Tahanannya lebih tinggi dari ta- hanan diode yang berarah biasa. Jaringan ini mungkin terdiri
dari pembatas negatif atau positif. Pembatas positif memenggal gelombang dari sebelah atas,
sedangkan pembatas negatif memenggal dari sebelah bawah. Selain itu, jaringan pembatas
dapat digunakan secara seri atau paralel (shunt). Diode dipilih oleh antara input dan output da
pembatas seri yang tampak pada gambar 9.7 (a). Dalam pembatas paralel yang tampak pada
gambar 9.7 (b) dan (c), diode transisi secara paralel dengan output. Pembatas positif dapat
dengan mudah mengatur terminal positif nya ada pada sambungan R dan anoda diode.

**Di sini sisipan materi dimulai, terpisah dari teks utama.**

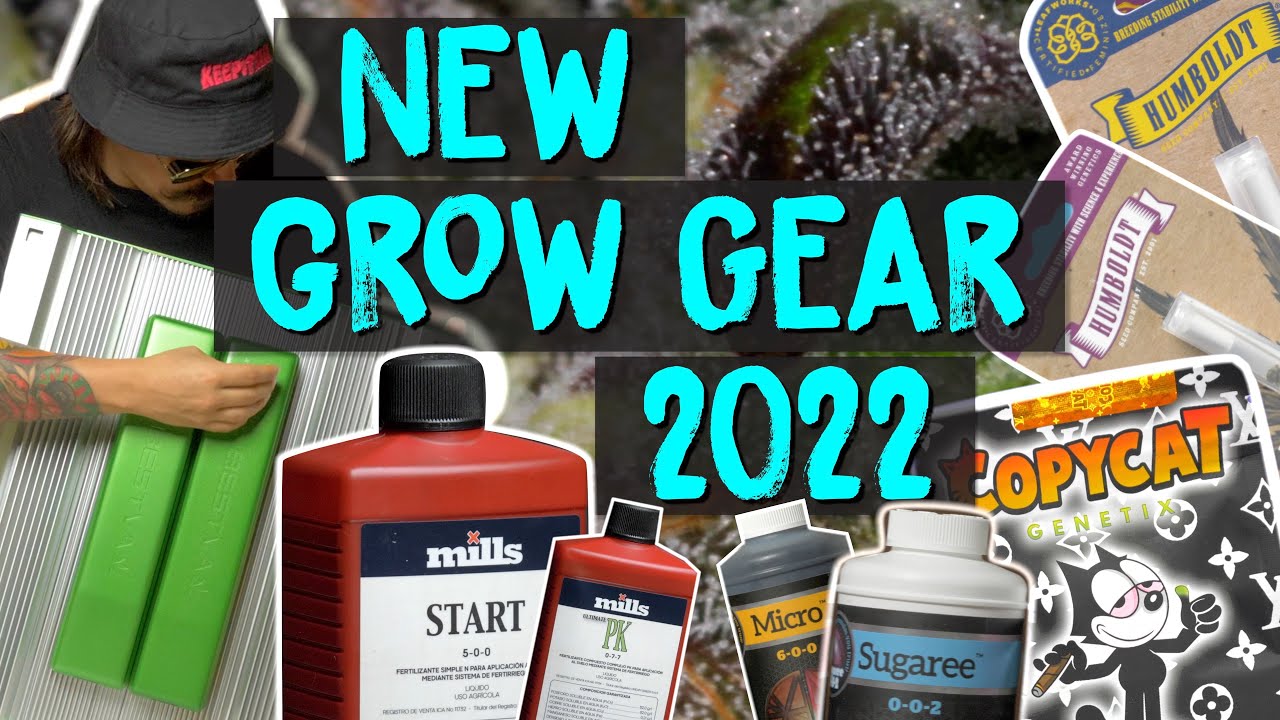 New Cannabis Grow Gear 2022 for Seed To Harvest (New Strains, Bestva LED Grow Light, Grow Nutrients)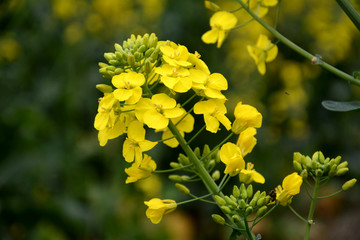 油菜花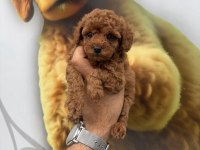 Toy Poodle Yavrularımız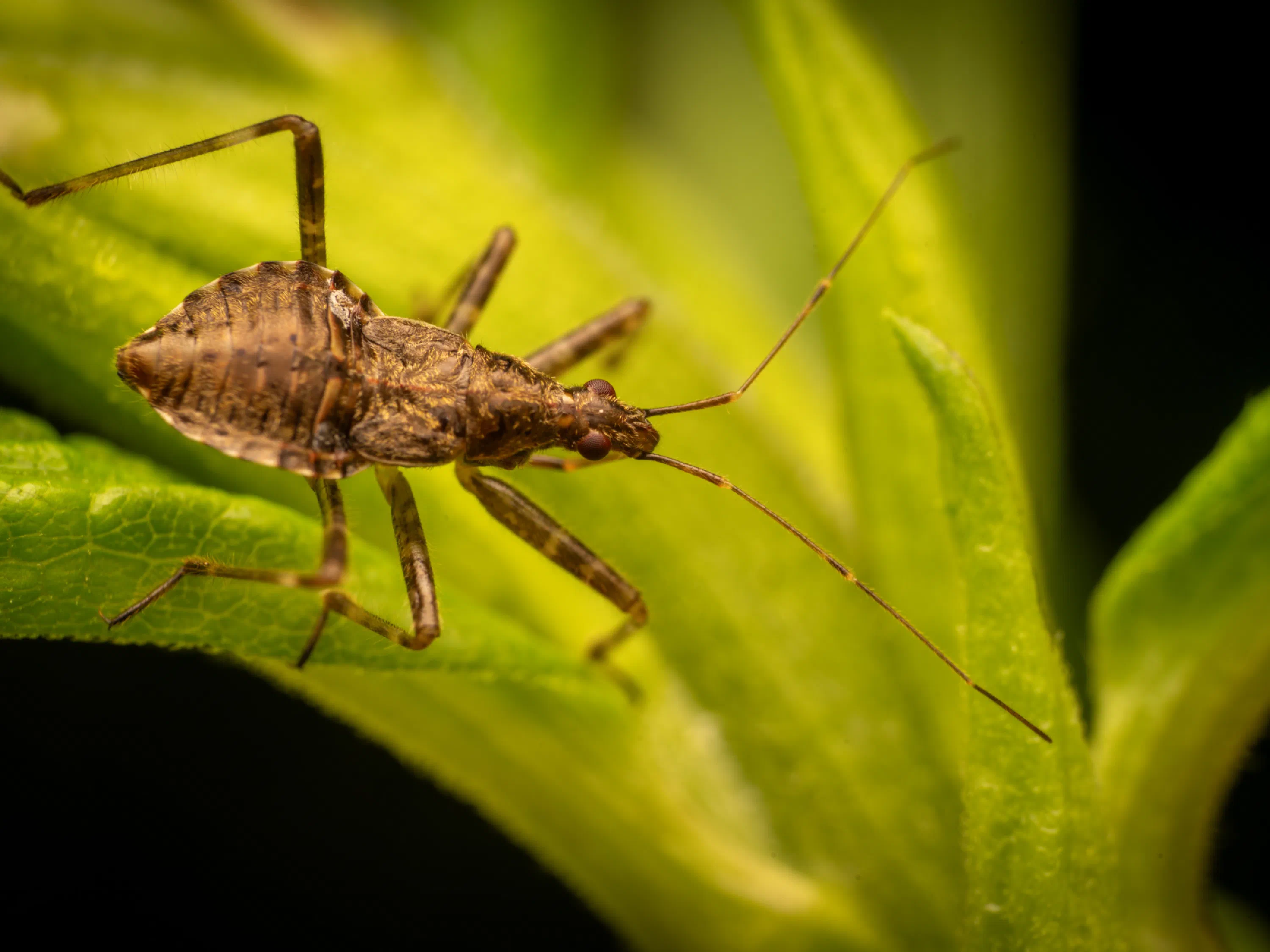 Himacerus apterus
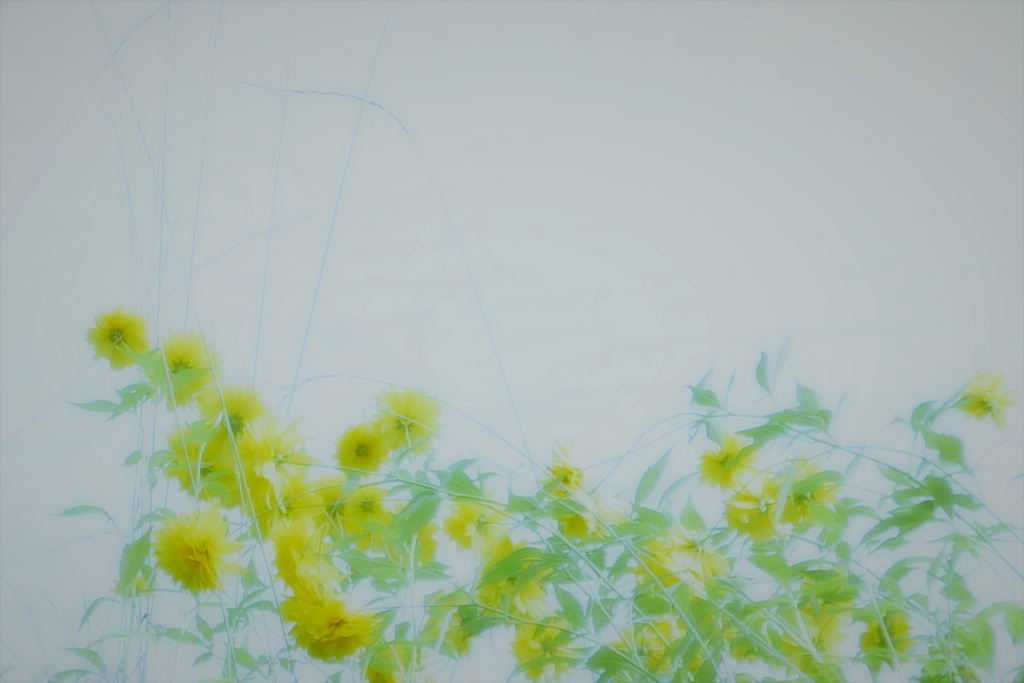 花は咲く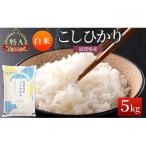 米 コシヒカリ 白米 5kg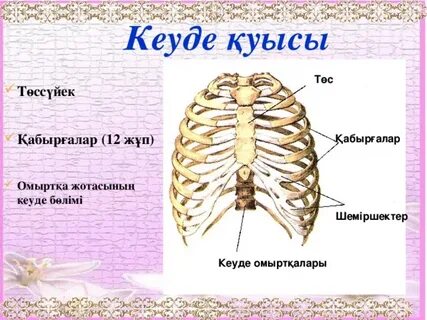 Студенттік порноның бастамасы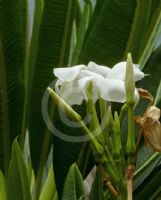 Pachypodium rutenbergianum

Tegangan pada kolektor segera naik ke +11 V- (tidak ke Voc +12 V) dani te pada gangan
kapasitor dan resistor 3KO segera naik menjadi +3 V. Paspor C sekarang terisi dengan cara
seperti blasanya melalui dua buah resistor . Tegangan pada kapasitor menjadi +12 V setelah 5
CR detik, sehingga tegangan "kolektor juga menjadi +12 V (sambungan C dan resistor 3KO
sekarang menjadi 0 V) Multivibrator Multivibrator membentuk lingkaran sirkit pengubah
elektronis yang juga dikenal sebagai oslator. Operasi transistor-transistornya diputuskan untuk
suatu jangkawaktu tertentu. Gelombang keluaran khusus berbentuk siku siku atau pulsa segi
empat, Multivibrator membutuhkan dua buah transistor (atau katup). Multivibrator astabil.
Jenis ini sering disebut multivibrator yang berfungsi sebagai basis karena tidak memerlukan
sinyal input yang khusus dan menghasilkan deretan gelombang siku-siku yang dikontinyu
pada output-nya. 2. Multivibrator bistabil (dua kestabilan) Jenis ini sering disebut flip-flop
karena memiliki dua kondisi operasi yang stabil diberikan suatu sinyal dalam put, output
berubah dari satu keadaan operasi stabil ke keadaan yang lain. 3. Multivibrator monostabil
(kestabilan tunggal). Jenis ini kadang-kadang disebut multivibrator satu pukulan. Di sini
menjalankan input sinyal menyebabkan out-put berubah ke tempat lain pada hakikatnya
stabil. Output Tetap dalam kondisi seperti itu selama beberapa waktu (tergantung pada ukuran
komponen). Setelah itu output kembali ke keadaan semula. Hidupkan suplai dan gunakan
CRO kurva ganda untuk keperluan bentuk masingmasing dan masing-masing transistor
masing-masing. Gantikan R, dengan tahanan variabel 50KO, lalu berhasillah pengaruhnya
pada bentuk gelombang. Atur ulang hal di atas dengan modifikasi dengan tahanan variabel
50K0ET. (Chitode.2007)
Robot berdasarkan mobilitasnya terbagi dalam dua kelompok.Dioda yang ideal akan
mengalirkan arus sccara bebas kompilasi ais maju dan menahan arus kompilasi berarah
scbaliknya. Dengan demikian model rangkaian dioda dapat disusun sebagai saklar yang akan
mengalirkan arus kompilasi tertutup dan menahan arus kompilasi saklar terbuka. Karakteristik
LABORATORIUM ELEKTRONIKA
volt-ampere dan model rangkaian thyristor yang mempunya pengaturan kisi gambar. Tlihat di
dacrah 'blok positif tidak ada kenaikan arus, sampai titik tembus dan sudah titik ini thyristor
menghubungkan dacrah penghantar tinggi yang mengaliraya cepat (keadaan nyala).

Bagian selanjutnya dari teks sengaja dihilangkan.